Measuring success at two-year colleges

Nobody’s satisfied with the way student success is measured by the federal government. Only full-time students who earn a degree at the same institution where they start count as graduates. That’s very misleading for two-year colleges. But that’s likely to change, reports Inside Higher Education. The U.S. Department of Education’s Committee on Measures of Student Success will recommend whether and how to revise the department’s data on graduation and completion rates at community colleges and other institutions that award associate degrees.

Supporters say the current data don’t reflect the good work the colleges do, failing to account for the many students who transfer to four-year institutions without degrees, and the many students who come to the institutions for something less than a degree — a certificate, or even just some retraining — and get what they wanted. Critics argue that better data would simply provide clearer evidence that community colleges are failing in their mission, reinforcing what are terribly low completion rates at some institutions.
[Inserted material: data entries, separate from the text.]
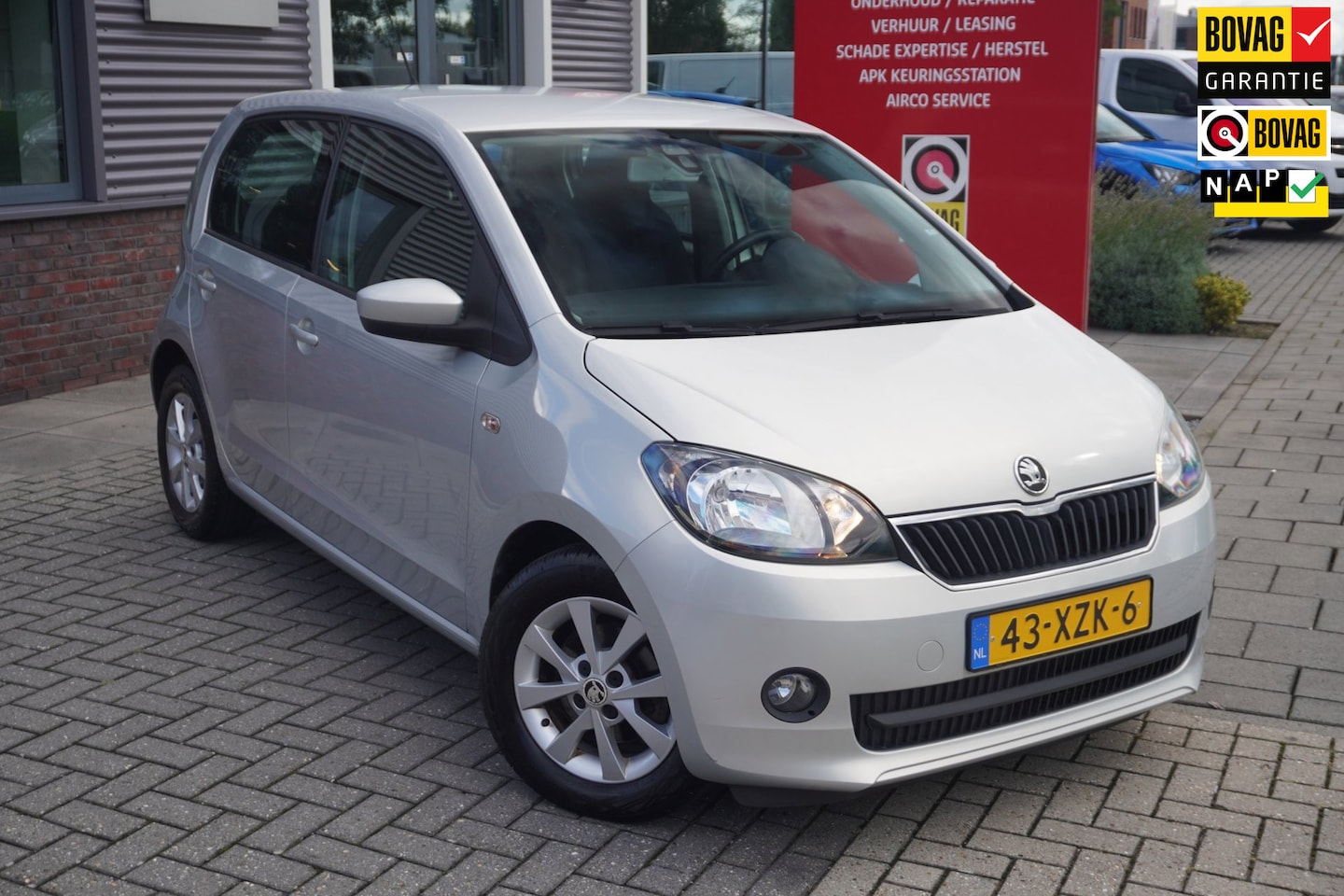 Skoda Citigo - 1.0 Greentech Elegance / Lage km!! / Radio - AutoWereld.nl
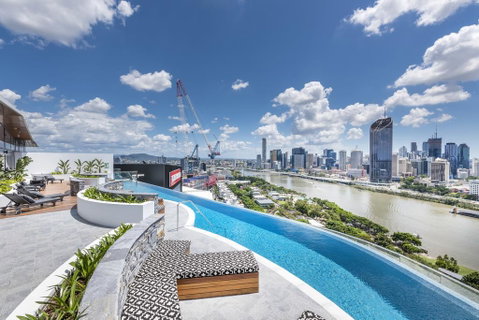 Modern Apartment In South Brisbane Infinity Pool - Holiday Adelaide 2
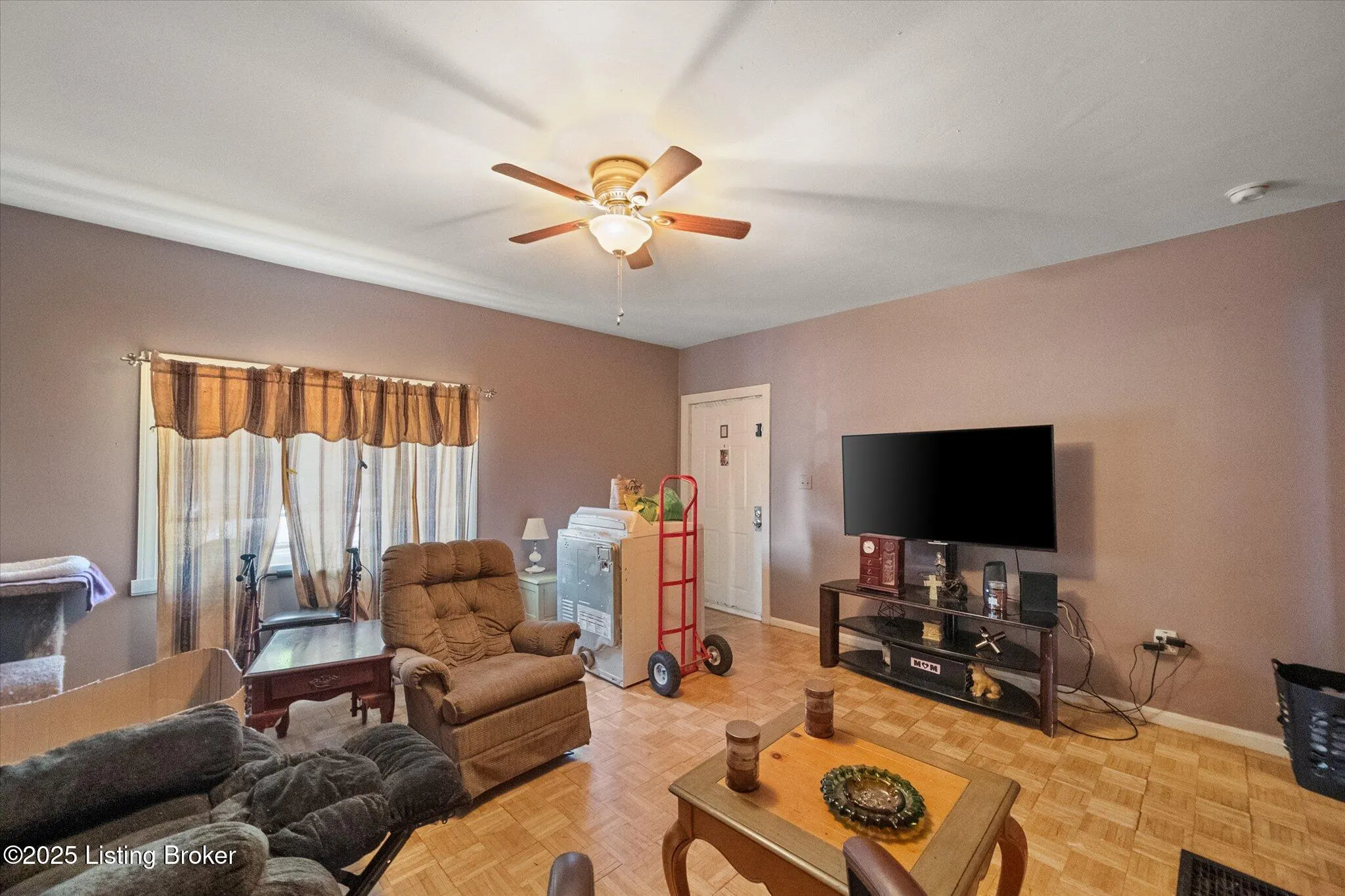 Louisville, Kentucky 40210, United States, 15 Bedrooms Bedrooms, ,15 BathroomsBathrooms,Residential,Active,217670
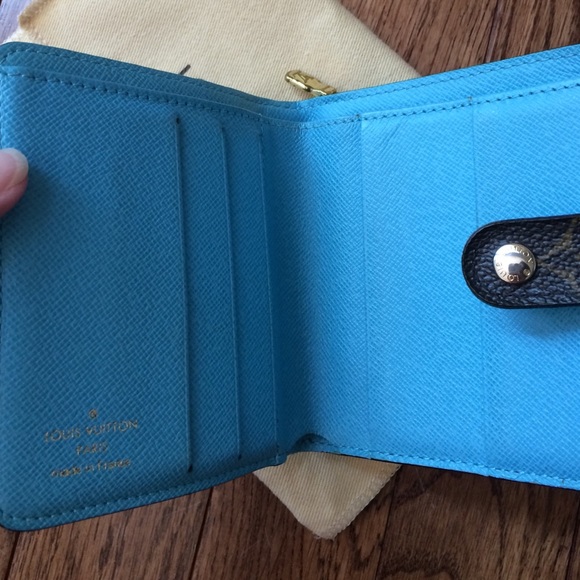 Rare! Louis Vuitton Groom Wallet - Picture 4 of 4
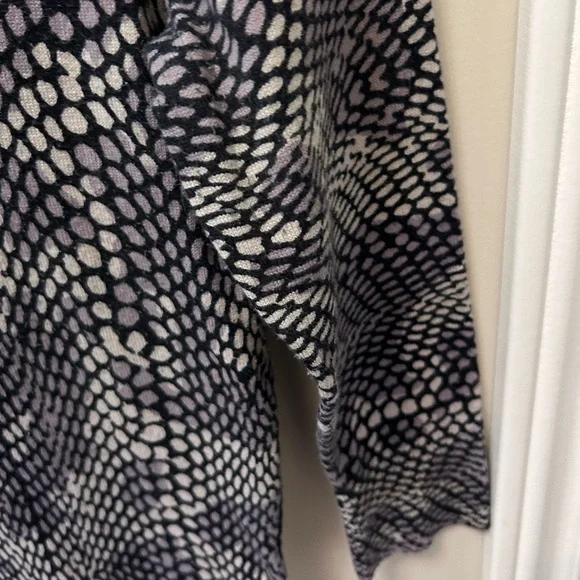 CYNTHIA ROWLEY sweater. - Picture 2 of 8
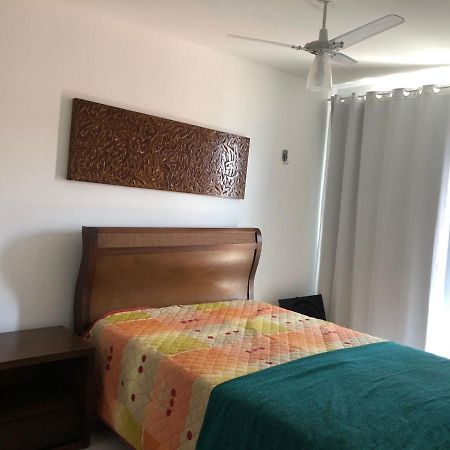 Apartamento Em Арраял-ду-Кабу Екстер'єр фото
The National Governors Association and the American Association of Community Colleges have proposed “voluntary accountability systems that aim to measure student success across many variables.”

Community colleges “are institutions that have a very complex mission,” Eduardo M. Ochoa, assistant secretary for postsecondary education, said at the start of the meeting. “They have to be all things to all people” as institutions that offer remediation, degrees and certificates, job training, the possibility of transfer to four-year colleges and universities, and continuing education.

“It’s important to have metrics that actually and accurately gauge how these institutions are progressing in terms of meeting their multiple objectives and also prioritizing them appropriately,” Ochoa said.